Are You Smarter than a Fifth-Grader?

Archdiocese of Washington: Year of Faith series

Written by:Dominican Brothers of the Province of St. Joseph

As frustrating and humiliating as our own bad decisions in life can be, watching a loved one make a drastic mistake is often much worse. How are we supposed to help someone to see how wrong the choice he is making is when he utterly refuses to listen to us and see the error of his ways?  This problem is the one St. Monica faced with her son, Augustine.  Though she tried to instill the Christian faith in her son, it did not take root. She fell back to the only resource she had left: fervent prayer.

For his part, Augustine felt he had given Christianity a fair shake but found it lacking.  He was very intellectual, and so he sought the truth in many philosophies and religions, but none of them satisfied him.  His restless heart eventually led him back to the Catholic Church.  Augustine became one of the foremost defenders and preachers of the Catholic faith.  How did Augustine become a staunch Catholic after being a critical despiser of the faith?

The virtue of faith, that confidence to trust in God and cleave to the truths he has revealed (cf. CCC 154), is a gift.  It’s not irrational to trust and believe in God, but we cannot simply convince ourselves to do so without His grace.  We see this quite clearly in Augustine’s conversion.  Initially, he found Christianity’s arguments unconvincing, and he felt the Bible was simplistic and unsophisticated. It took a good preacher – St. Ambrose – to open Augustine’s mind to understand the spirit and meaning of the Scriptures.  Augustine began to love the Scriptures, not in spite of, but because of the lowliness and humility of the truths they presented.  After years of thoughtful searching he overcame his critical objections to the Christian faith, but he still could not truly believe it.  Our merely human efforts are not enough to bring about true faith.  We can only do so if our will is “moved by God through grace.” (CCC 155).  Augustine’s conversion shows the power of God’s action in a truly remarkable way.

Some friends brought Augustine the story of the first monks of Egypt who left everything to follow Jesus Christ.  He considered his own weakness and was distraught.  Why did he keep delaying?  Why not commit now? As he became more upset and more distraught, he withdrew into the garden.  Then he heard a child’s voice call out “take up and read.”   Taking it to be a command from God, he picked up a nearby book of the letters of Paul.  One verse pierced through his heart.  In that moment of profound grace He says, “[a]ll the shadows of doubt were dispelled.”

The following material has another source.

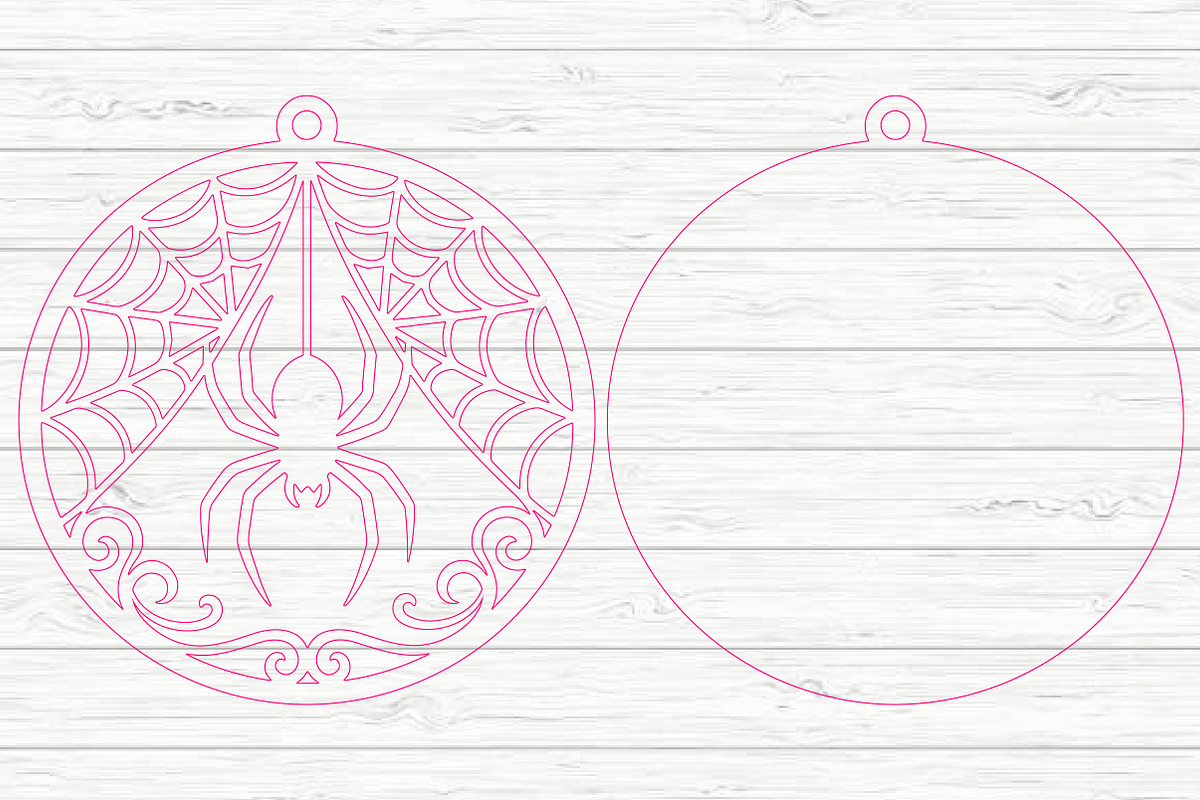 Halloween Spider Web Laser Cut SVG, an Object Graphic by Layerology (Photo 3 of 3)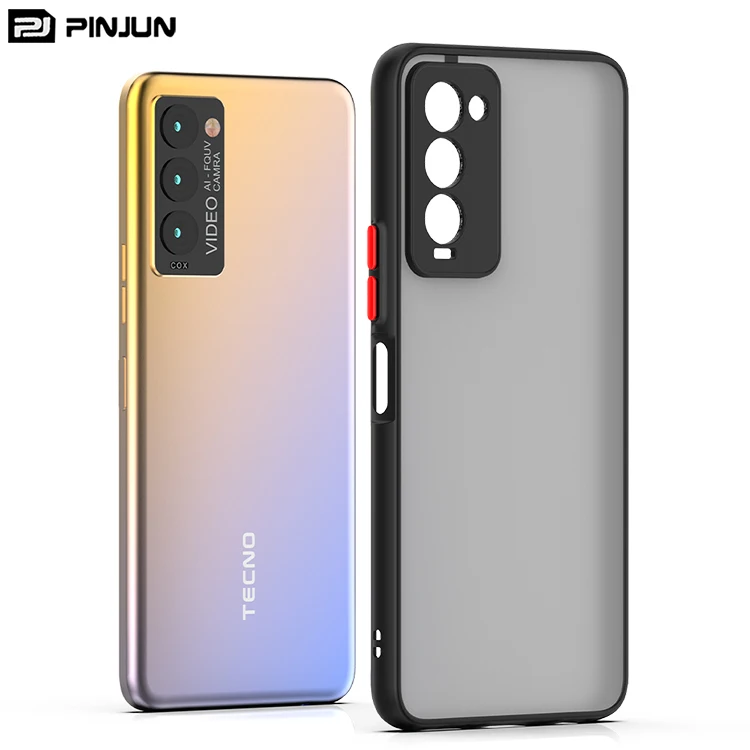Factory Free Sample Shell for Tecno Camon 18 Shockproof Colorful TPU Bumper Slim Matte Frosted Clear Smoke Cell Phone Case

St. Augustine’s is a profound case that sheds light on the truth that faith is a gift.  Who does Augustine have to thanks for his faith?  There is himself, in part, for his honest searching, St. Ambrose, for his preaching and teaching, and his mother for her consistent prayer, to name only a few.  Of course, first and foremost, he has God to thank, as is made clear in his final conversion, for the grace necessary to assent freely to the truth, as well as for the countless graces offered in preparing him to accept that gift.  When considering friends or family that seem far from God, we should not despair of our efforts to lead them to Jesus Christ, most especially through our prayers, for it is only His grace that will lead them to believe.